Sci-fi (?) review: ‘The Mengliad’ by Jana Janeway

Posted October 27, 2014 by PaulineMRoss in Review / 0 Comments

This has an intriguing premise: imagine that half the people you see around you everyday are not, in fact, human. Imagine they look the same, but genetically they’re very different, so they avoid daylight, eat differently… No, no, come back! These are not vampires. I did get worried for a moment, I’ll confess – all that preferring the dark – but these are Mengliads, and they’re quite different from vampires. Instead of drinking blood, they eat — actually, I won’t spoil the surprise by revealing that, but it amused me hugely.

Jessica has a normal, if somewhat dull, life until something happens to revive her dormant Mengliad DNA and she becomes (more or less) a Mengliad herself. I liked that there’s no halfway, blended state, you can only be one or the other. And there are no superpowers in evidence, just a somewhat different physiology. And discovering how that differentness affects her is just part of Jessica’s problem.

Being only the tenth accidental conversion in Mengliad history, Jessica is a target for the scientists who want to research her situation. She’s also a target for the section of Mengliad society who want to keep themselves uncontaminated by mixed-blood individuals, and it’s not research they’re interested in. And both groups want to keep the whole thing under wraps so that regular humans never find out about Mengliads.

The end result is a fast and furious chase to keep Jessica safe and avoid the many bad guys. Now the plot is wafer-thin, there’s a huge amount of angsting and crying and clinging to the hot bloke for comfort, and every third word seems to be italicised for no obvious reason. And you know what? It didn’t matter. This is a lot of fun, there are plenty of twists, the sex is hot, the action is heart-pumping between bouts of angst, and I found myself reading faster and faster to find out how it ends. Be warned, though, the ending felt more like a respite before another outbreak of chasing around.

I’m torn between three and four stars, but the sheer entertainment value (and the hot sex) bumps it up to four. And the opening; isn’t this a great opening paragraph? How can you resist?

It’s survival of the species, and that’s all it knows.
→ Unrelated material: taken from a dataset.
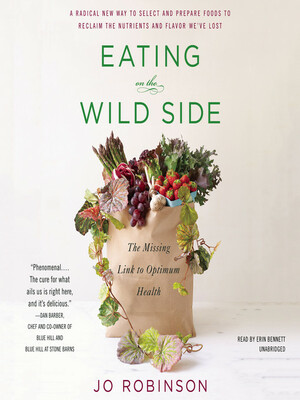 Eating on the Wild Side: The Missing Link to Optimum Health by Jo Robinson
Needing a blood meal, the protein necessary to its offspring, it searches the streets of New York for a victim, unremorseful.

Spotting potential prey, it swoops in for the kill. Biting into warm flesh, it takes what it needs without regard to the owner, but danger presents itself, and it can’t obtain all it requires. Another source is vital.

From its vantage point, it doesn’t take long to find. Soft flesh, warm blood, it starts to feast, the task nearly complete.

Darkness.

“Stupid mosquito.” She slapped the insect hard, killing it, and then flicked it off her arm before continuing towards her destination.